_Task statement:_
Could you please write out each line of the records exactly, minus the pictures?

_Dataset excerpts:_
##########

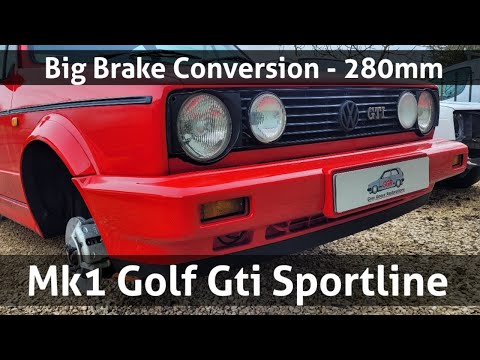 Видео: VW Mk1 Golf GTI — переделка тормозов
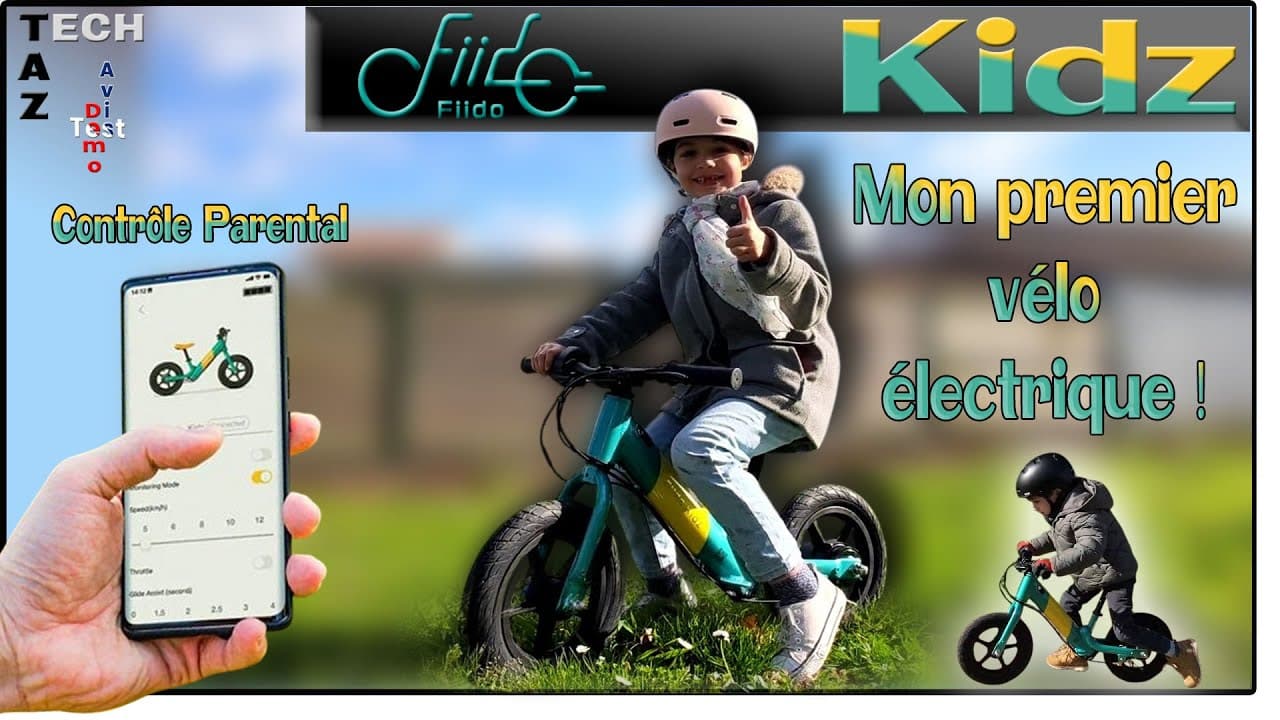 Fiido Kidz Vélo d’équilibre / Draisienne électrique – Contrôle parental & 2 modes d’assistance !
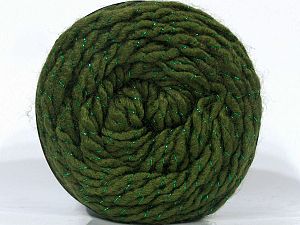 Fiber Content 95% Acrylic, 5% Wool, Brand Ice Yarns, Dark Green, fnt2-72031
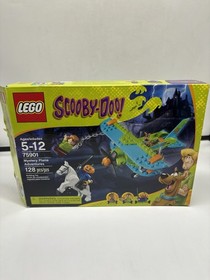 🔥LEGO Scooby-Doo Mystery Plane Adventures 75901 with Box & Manual Missing Pcs
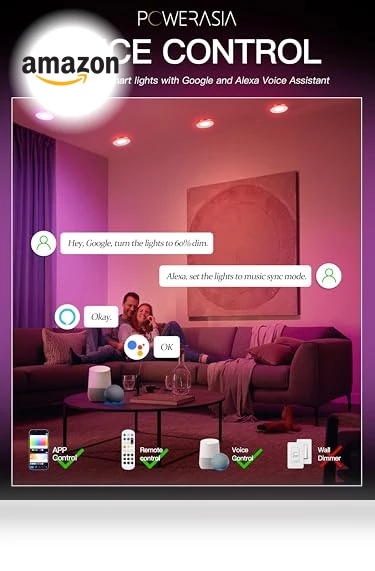 Smart LED Recessed Lighting — Recessed Lighting, POWERASIA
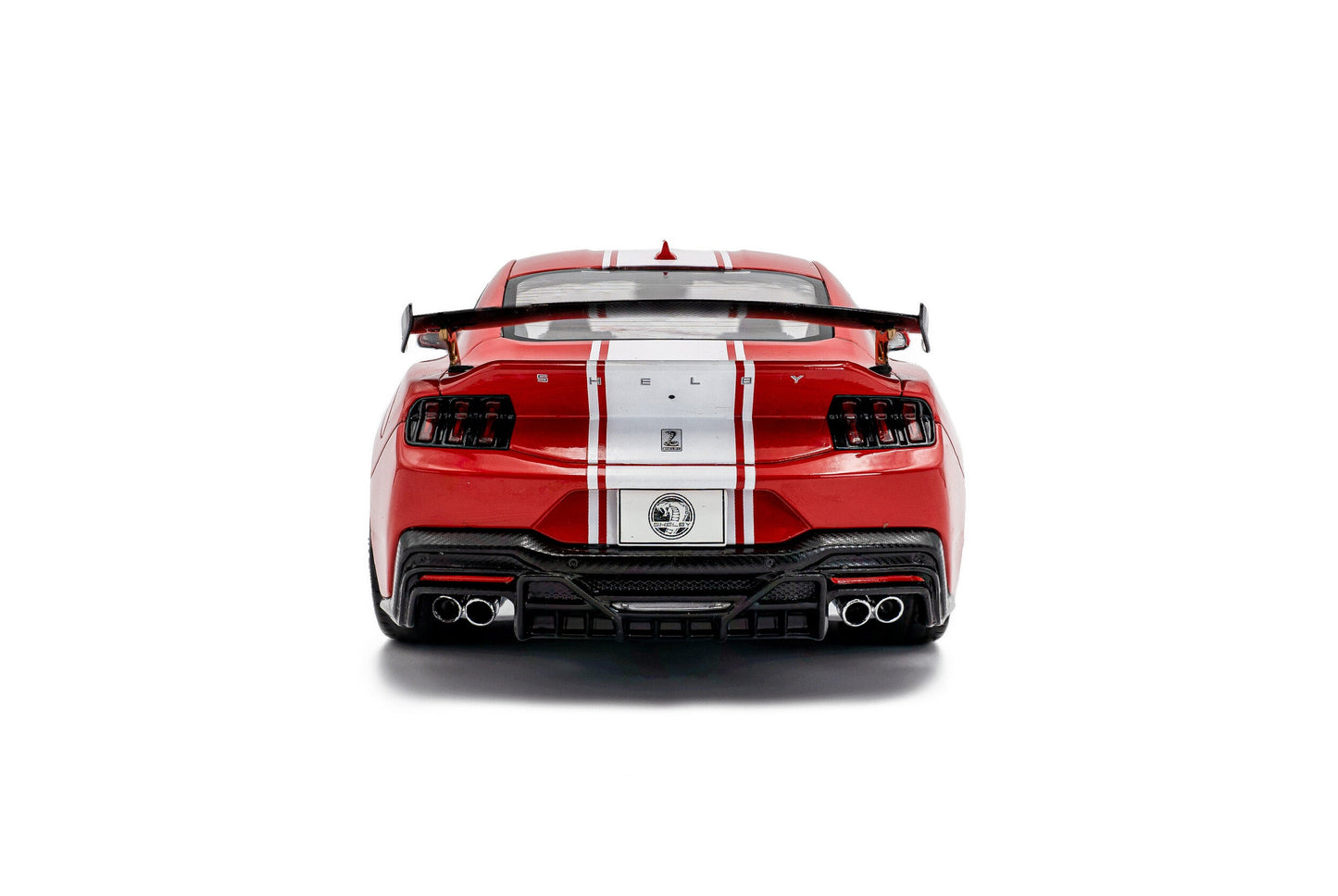 Solido 2025 Ford Shelby Mustang Super Snake Red w/ White Stripes 1:18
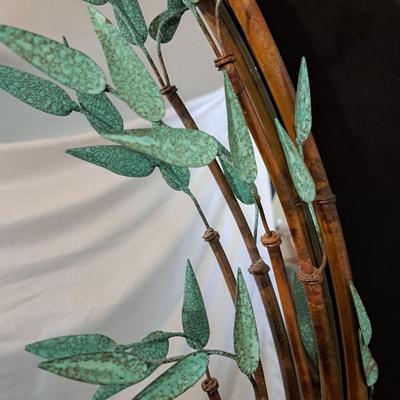 Andy Brinkley Sculptural Copper Bamboo Wall Mirror (LR-SD)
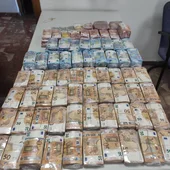 Dinero incautado por la Guardia Civil Dinero incautado por la Guardia Civil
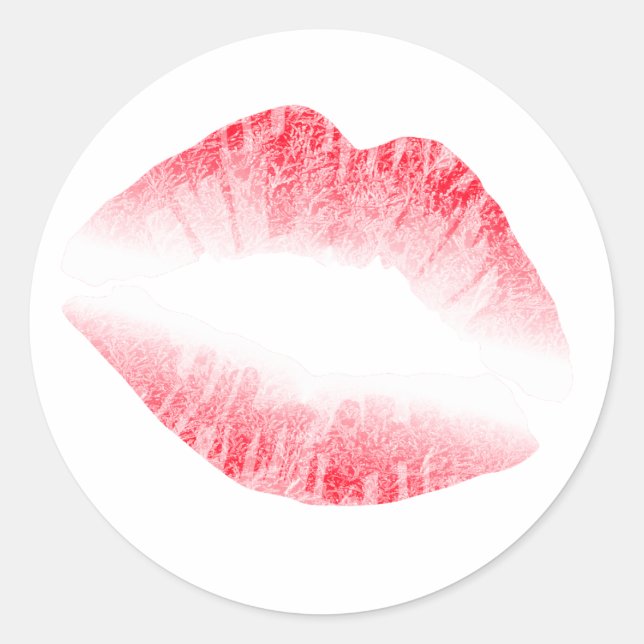 Sugah Lippen Runder Aufkleber (Vorderseite)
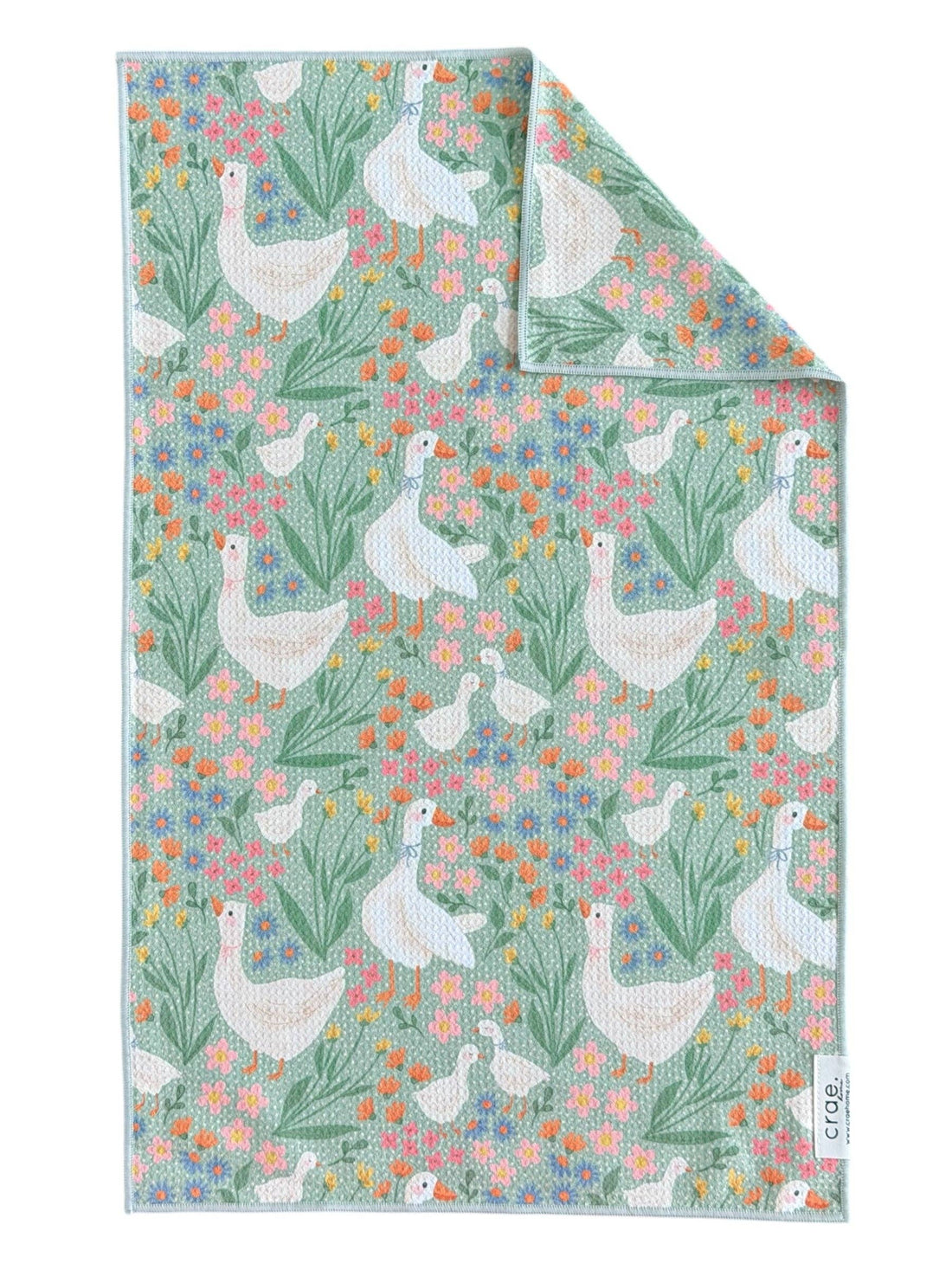 Wildflower Waddle: Double-Sided Hand Towel & Washcloth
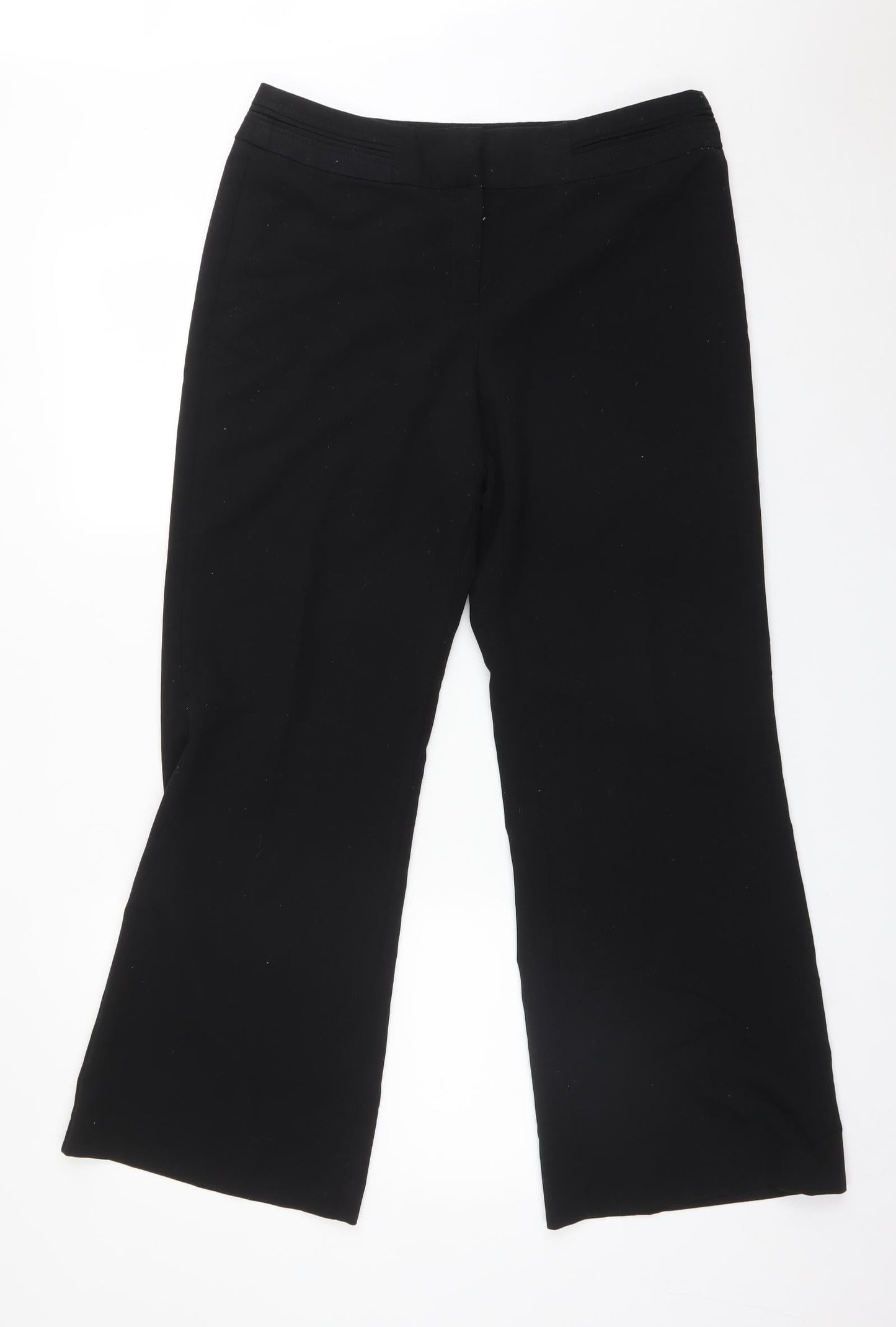 Debenhams Womens Black  Polyester Dress Pants Trousers Size 12 L30 in Regular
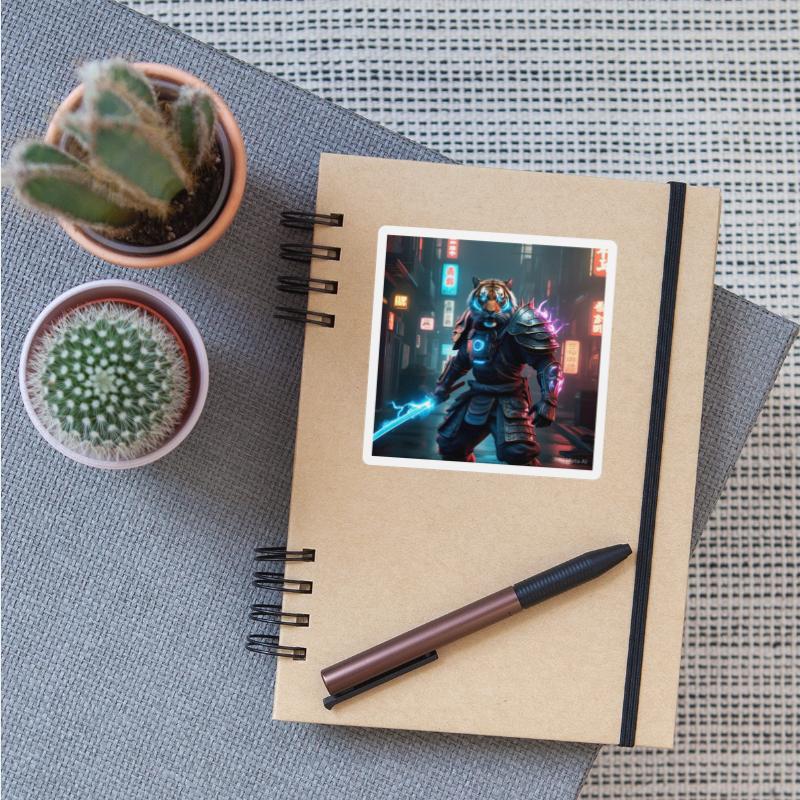 Fantastic warrior samurai tiger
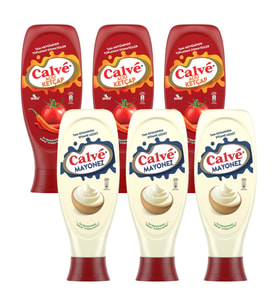 Calve Ketçap Acılı 610 gr ve Mayonez 540 gr 6 li Karma Paket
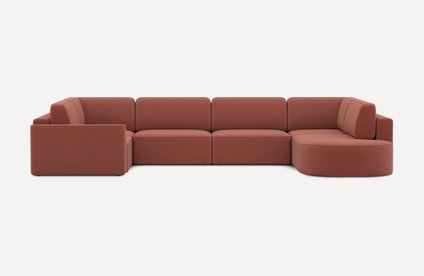 Диван модульный Спейс-М 6 Velvet Terra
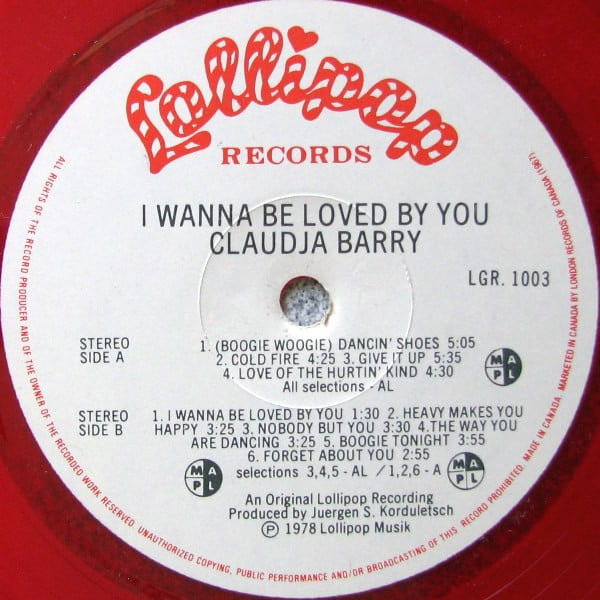Claudja Barry - I Wanna Be Loved By You - Image 3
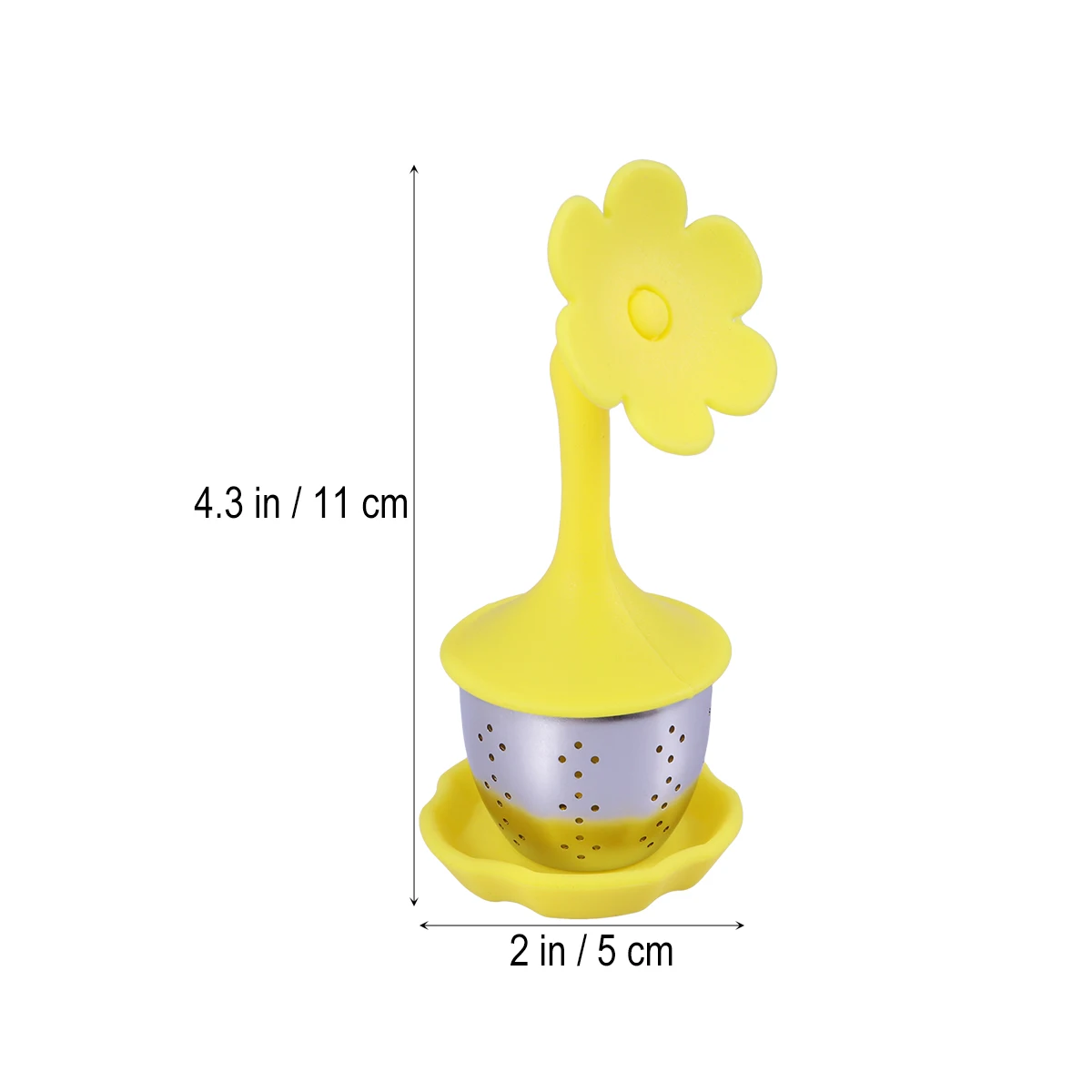

4pcs Silicone Stainless Steel Flower Infuser Fine Mesh Tea Strainer Drip Tray -40 To 250℃ High Temp Resistant Premium Tea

##########

_Task solution:_
 Видео: VW Mk1 Golf GTI — переделка тормозов
 Fiido Kidz Vélo d’équilibre / Draisienne électrique – Contrôle parental & 2 modes d’assistance !
 Fiber Content 95% Acrylic, 5% Wool, Brand Ice Yarns, Dark Green, fnt2-72031
 🔥LEGO Scooby-Doo Mystery Plane Adventures 75901 with Box & Manual Missing Pcs
 Smart LED Recessed Lighting — Recessed Lighting, POWERASIA
 Solido 2025 Ford Shelby Mustang Super Snake Red w/ White Stripes 1:18
 Andy Brinkley Sculptural Copper Bamboo Wall Mirror (LR-SD)
 Dinero incautado por la Guardia Civil Dinero incautado por la Guardia Civil
 Sugah Lippen Runder Aufkleber (Vorderseite)
 Wildflower Waddle: Double-Sided Hand Towel & Washcloth
 Debenhams Womens Black  Polyester Dress Pants Trousers Size 12 L30 in Regular
 Fantastic warrior samurai tiger
 Calve Ketçap Acılı 610 gr ve Mayonez 540 gr 6 li Karma Paket
 Диван модульный Спейс-М 6 Velvet Terra
Claudja Barry - I Wanna Be Loved By You - Image 3

4pcs Silicone Stainless Steel Flower Infuser Fine Mesh Tea Strainer Drip Tray -40 To 250℃ High Temp Resistant Premium Tea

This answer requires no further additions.